Neil Burger’s adaptation of Steven Millhauser’s beguiling short story, Eisenheim the Illusionist, continues that tradition, making sly nods at the medium through which he tells the story and the melodramas that feed it (notably the 1889 Mayerling Incident, which scandalised Imperial Austria).
Eisenheim (Edward Norton) is a magician, who mesmerises the poor in fin de sicle Vienna with tricks that have them believing he is more demon than man. His popularity – and the superstition that follow him – irritates Crown Prince Leopold (played with arch malevolence by Rufus Sewell), a modern man of science, heir to the Austrian crown and cruel as an angry poacher. Leopold is determined to uncover the illusionist’s secrets and show science triumphant over primitive trickery.
But Leopold fails to realise that one secret underpins all others for Eisenheim. As a child he had a clandestine love affair with the beautiful aristocratic Sophie (Jessica Biel), who is now betrothed for political reasons to Leopold.
What follows is a standard wrong-side-of-the-tracks love story interweaved with a metaphysical meditation on the nature of illusion, the role of belief and the corruption of science, delivered with a sleight of hand with which Eisenheim himself would be proud.
The sleight of hand is largely due to the wonderful Paul Giametti (Sideways), who plays Leopold’s lugubrious henchman, Inspector Uhl, charged with running Eisenheim out of town. Uhl is beguiled by the magician. Something of an amateur conjuror, his admiration for the trickster matches his contempt for his dissolute boss.
The relationship between Uhl, Eisenheim and Leopold is the central joy of the film. The chemistry between Giametti and Norton is perfect. Norton plays with his adversaries, bantering with them through tricks one wishes were real, and which transform his enemies.

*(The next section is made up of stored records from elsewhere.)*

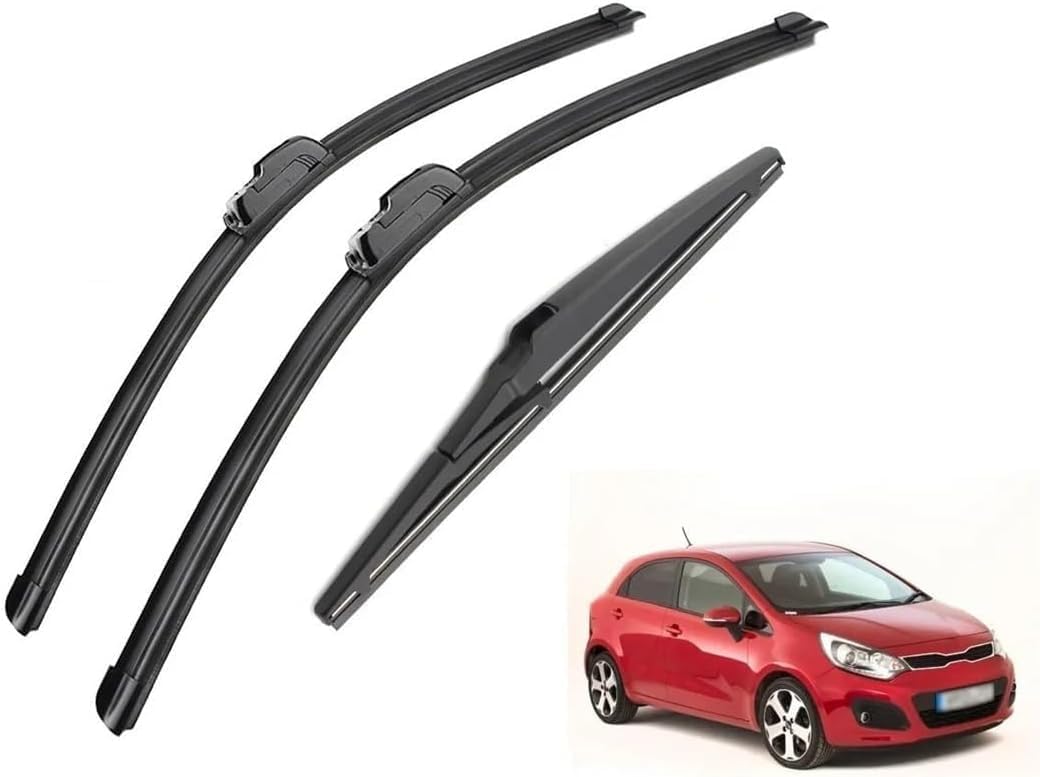 RESKIU Car Front Windshield Wiper Blade Set Replacement for KIA Rio Hatchback Mk3 2011 2012 2013 2014 2015 2016 2017, All Season Windscreen Wipers Quiet Easy Installation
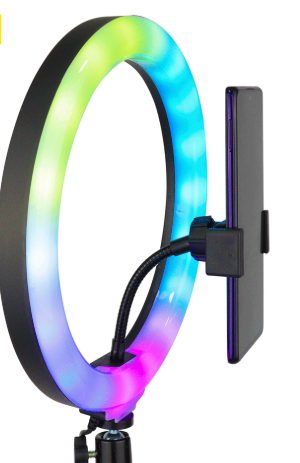 ARO DE LUZ 26 CMS RGB + TRÍPODE 2.1 MTRS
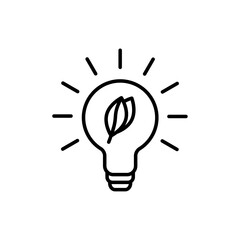 Eco light bulb icon vector outline logo sign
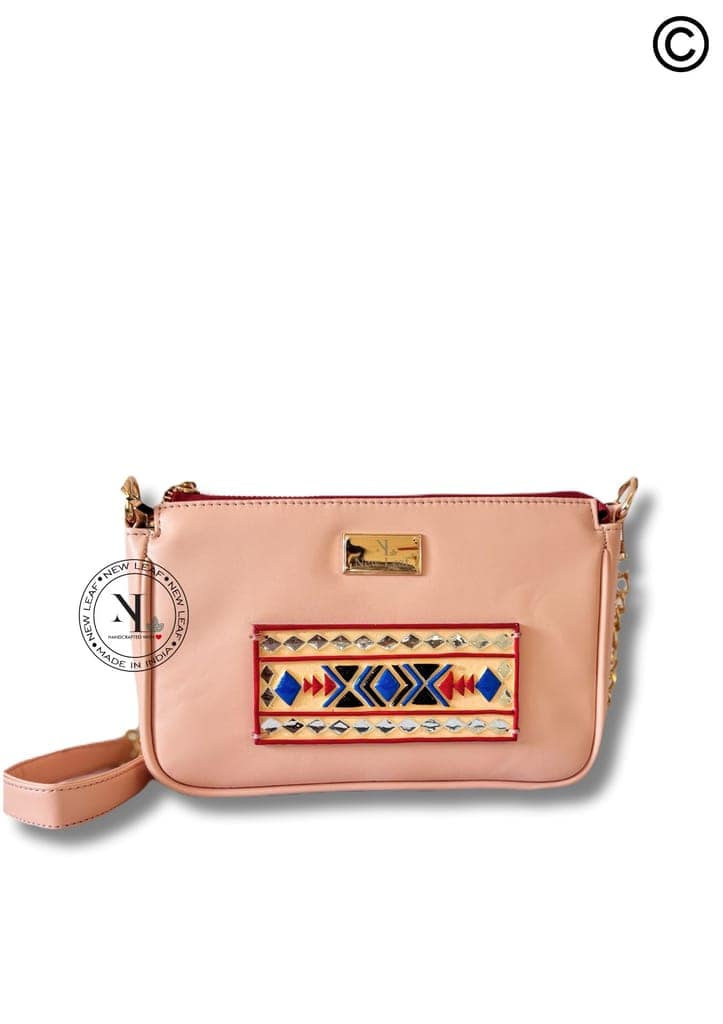 Peach Glaze Lippan Art Handcrafted Baguette Bag/Sling view 3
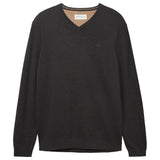 TOM TAILOR Men’s Knit Sweater - Basic V-Neck Knit, Fine Knit, Cotton, Regular Fit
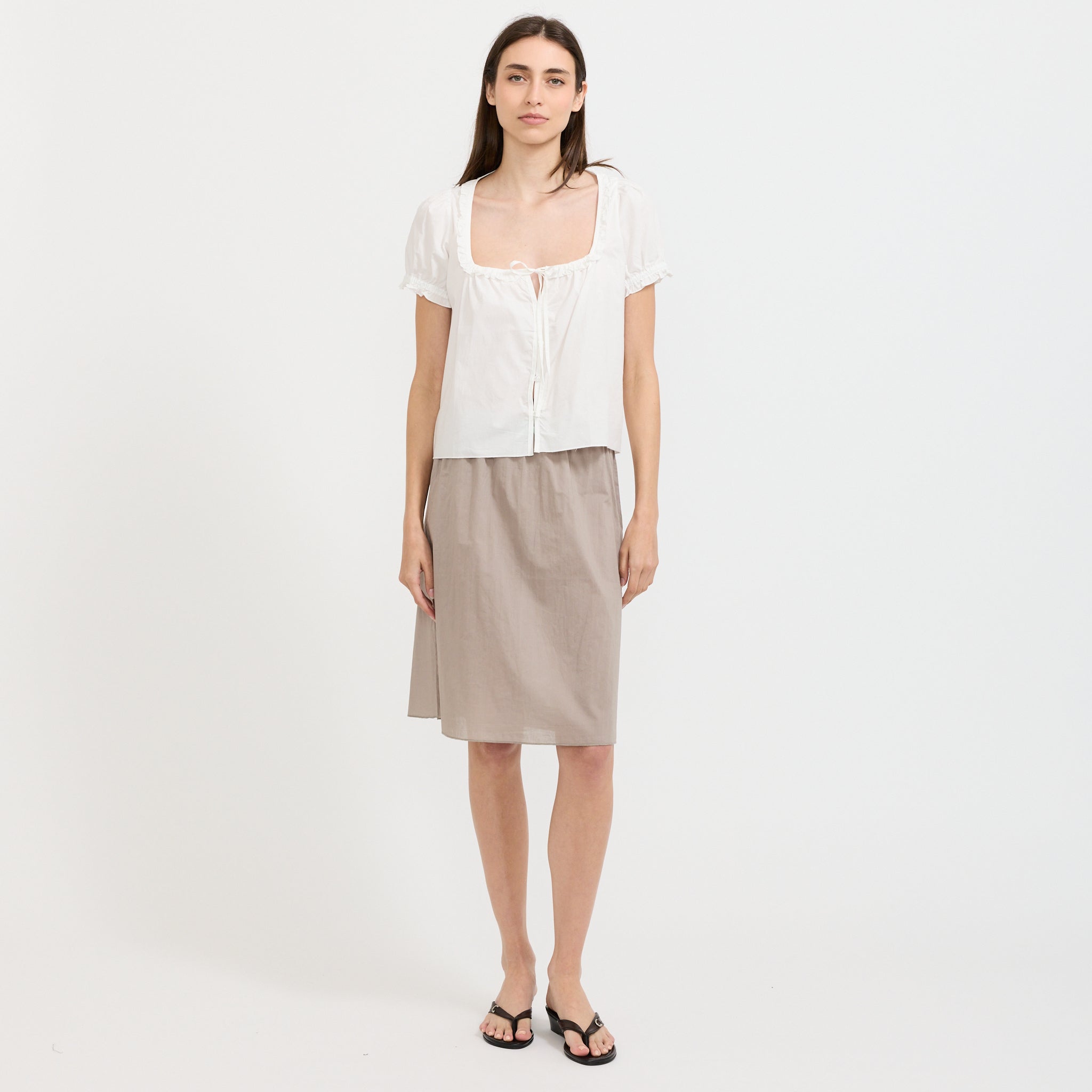 Flounced Top White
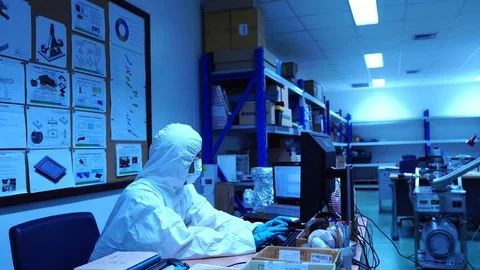 Engineer with protective clothing for work in laboratories  Stock Footage 115472308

Burger’s clever script subtly conveys an underlying theme in Millhauser’s short story: the role of belief in society. While science in the form of Prince Leopold offers concrete solutions to everyday woes, what gives people hope is something that does not exist, something that transcends the mundane. As an image of the priesthood it is benign, though hardly flattering. Science and spirituality are needed to temper the other’s excess.
The only weak point is Sophie, who is played with whimpering stiffness by Jessica Biel (yet another Scarlett Johanssen look-a-like and equally untalented). Biel is too young and unsophisticated for the role. The idea that Eisenheim would travel the world to expunge his passion for her or that Leopold would see her as a political player with whom he could forge an alliance to overthrow his father is incredible. Still she looks pretty as the Viennese vistas – shot in gorgeous muted tones – the only dull point on a lush landscape.